DIRECTIONS>
Locate, in the data below, the line that contains "2010 HONDA ACCORD EXL" and the line that contains "ФАРМЕР ИСПУНИО САН: Сам"; reproduce exactly those two lines and every line between them, nothing more.

**** AVAILABLE DATA

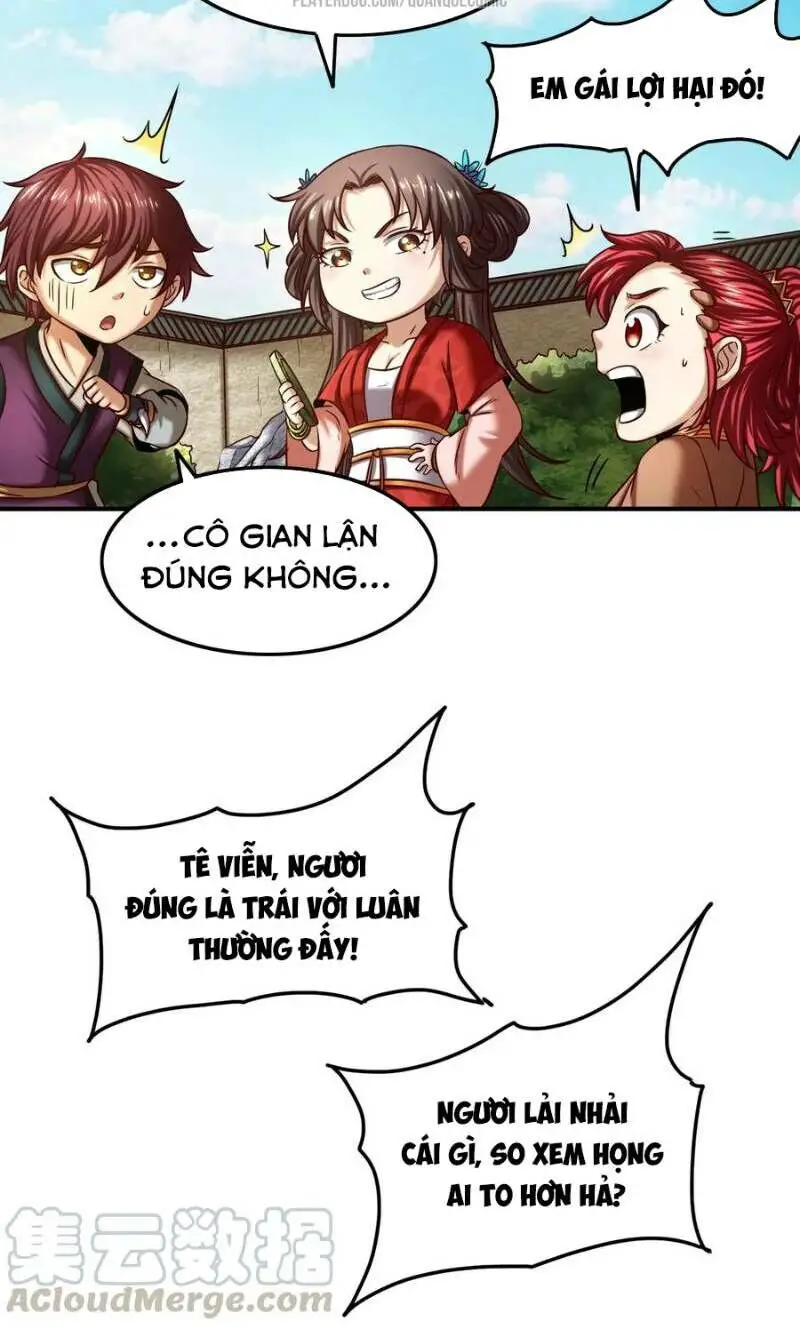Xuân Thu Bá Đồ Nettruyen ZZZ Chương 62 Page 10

********
**** AVAILABLE DATA

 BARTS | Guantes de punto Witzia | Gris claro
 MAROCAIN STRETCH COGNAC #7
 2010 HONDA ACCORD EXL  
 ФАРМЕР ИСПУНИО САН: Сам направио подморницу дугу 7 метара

********

EXERCISE RESPONSE>
 2010 HONDA ACCORD EXL  
 ФАРМЕР ИСПУНИО САН: Сам направио подморницу дугу 7 метара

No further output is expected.